I absolutely love the proposals that come out of Hawaii, called a “feminist economic recovery plan”. Rather than restoring the economy to the old normal, the state is looking to seize the opportunity “to build a system that is capable of delivering gender equality”. The proposal includes, among others, a universal basic income, and special emergency funds for marginalised groups, including undocumented immigrant women, domestic workers, women with disabilities and sex-trafficking survivors. Waived co-payments for Covid-19 tests and treatment, including for incarcerated women. A 20% pro rata share of the Covid-19 response, funds the express recovery needs of the indigenous population. A $24.80/hour minimum wage for single mothers. Free, publicly funded child-care for all essential workers, and more.

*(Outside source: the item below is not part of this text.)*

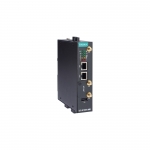Компьютер UC-8112A-ME-T-LX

Four decades have passed since management consultant Marilyn Loden coined the phrase, ‘glass ceiling’ to describe the invisible barrier blocking the way for women to progress to senior positions. Despite the #MeToo campaign and the attention given to the gender pay gap, attempts to increase both the number and advancement of women in business are moving excruciatingly slowly. The metrics are not showing the direct result of this significant momentum we have at the moment. Inequality is not something the market is going to fix by itself. The burden of ‘women’s work’ excludes women. While women account for an increasing proportion of enrolment and component in higher education, they remain less likely to pursue higher levels of degrees at tertiary level. In addition to financial restriction, women are more likely to sacrifice education to fulfil family and household commitments (particularly due to pregnancy) than their male counterparts.

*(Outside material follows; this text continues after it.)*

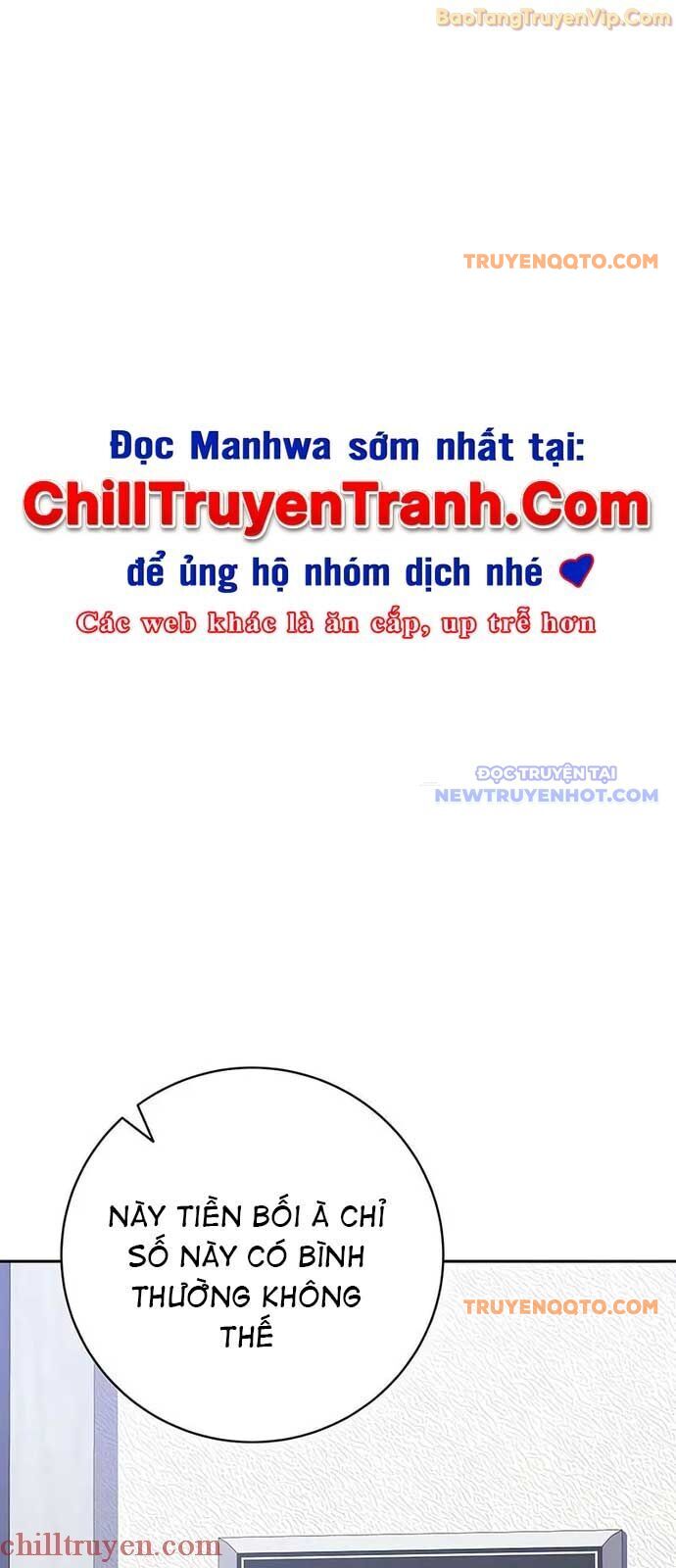 Stream Của Cung Thủ Thiên Tài - Chapter 54 - Page 93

When your neighbour is hungry, you cannot sleep at night. From those that more is given, much is expected. It is manifestly in the best interest of the ‘haves’ to take the lead in bringing about and sustaining this worldview of abundance, precipitated by the love prism. In viewing job creation in abundance as creating markets of the future. It is the moral duty of the beneficiaries of patriarchy and privilege to bring about both gender equality and pay parity in order to attain the ideals of social justice, nation building, social coherence and deliver the South Africa of Rolihlahla N. Mandela’s dreams – the South Africa we have all been praying for. The democracy dividend must surely percolate to all the social strata of our people.   

We dare not give up on the miracle of the South Africa of Rolihlahla Nelson Mandela’s dreams as carried forward and eloquently articulated by his seamless successor, former president Thabo M. Mbeki during his inaugural address on the 16 June 1999 in Pretoria. On that auspicious occasion, then President graphically described this dream as “mahube a naka tsa kgomo ” – the breaking of the dawn, when only the tips of the horns of the cattle can be seen etched against the morning sky – demonstrating a “palpable process of the comprehensive and simultaneous formation and renewal of our country – its rebirth”.

We must continue this dream of a South Africa that has been forcibly pulled from “the abyss and placed on the pedestal of hope”. A South Africa that is free, humane, noble and beautiful – upholding good over evil and affirming the dignity of all its people – where the vast majority of our people own assets with no more suffering inflicted by degrading poverty – where hunger is banished forever because all will be gainfully productive – young and women feel both safe and equal – a nation diligently at work to create a better life for itself – a winning nation joined together into one nation of many colours, cultures and diverse origins. I also dream of a South Africa that is on an economic path that will ensure a bright and better future for all its citizens. 

Bonang Mohale is the Chancellor of the University of the Free State, and Professor of Practice in the Johannesburg Business School (JBS) College of Business and Economics. He is the author of the bestseller Lift as You Rise. Views expressed are his own.